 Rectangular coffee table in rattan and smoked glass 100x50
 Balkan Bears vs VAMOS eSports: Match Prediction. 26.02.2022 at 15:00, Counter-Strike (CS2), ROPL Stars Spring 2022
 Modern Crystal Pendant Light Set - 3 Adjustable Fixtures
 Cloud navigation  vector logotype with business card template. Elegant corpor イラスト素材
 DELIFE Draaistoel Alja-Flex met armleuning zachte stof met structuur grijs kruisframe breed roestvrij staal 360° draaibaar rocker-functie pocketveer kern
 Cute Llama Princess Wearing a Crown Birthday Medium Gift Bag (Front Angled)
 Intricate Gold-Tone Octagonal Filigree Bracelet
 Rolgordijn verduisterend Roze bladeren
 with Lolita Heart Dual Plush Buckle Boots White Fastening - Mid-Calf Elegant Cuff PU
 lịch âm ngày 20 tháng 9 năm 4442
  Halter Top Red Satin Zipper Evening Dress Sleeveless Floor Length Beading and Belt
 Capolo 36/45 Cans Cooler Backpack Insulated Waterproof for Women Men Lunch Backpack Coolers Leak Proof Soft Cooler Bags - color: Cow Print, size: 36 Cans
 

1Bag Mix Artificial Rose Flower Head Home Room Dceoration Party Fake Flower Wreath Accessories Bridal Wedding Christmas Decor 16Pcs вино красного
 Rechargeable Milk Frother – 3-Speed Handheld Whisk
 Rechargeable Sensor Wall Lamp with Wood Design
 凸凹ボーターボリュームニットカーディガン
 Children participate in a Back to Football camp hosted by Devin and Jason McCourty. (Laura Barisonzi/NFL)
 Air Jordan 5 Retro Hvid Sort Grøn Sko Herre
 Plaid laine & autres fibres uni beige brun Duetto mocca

◇ ◇ ◇ ◇ ◇

▶ **REQUIRED ACTION**:
Having found the line that contains "Children participate in", set down that line and all the rest through the end of the records, exactly.

▶ **ANSWER BOX**:
 Children participate in a Back to Football camp hosted by Devin and Jason McCourty. (Laura Barisonzi/NFL)
 Air Jordan 5 Retro Hvid Sort Grøn Sko Herre
 Plaid laine & autres fibres uni beige brun Duetto mocca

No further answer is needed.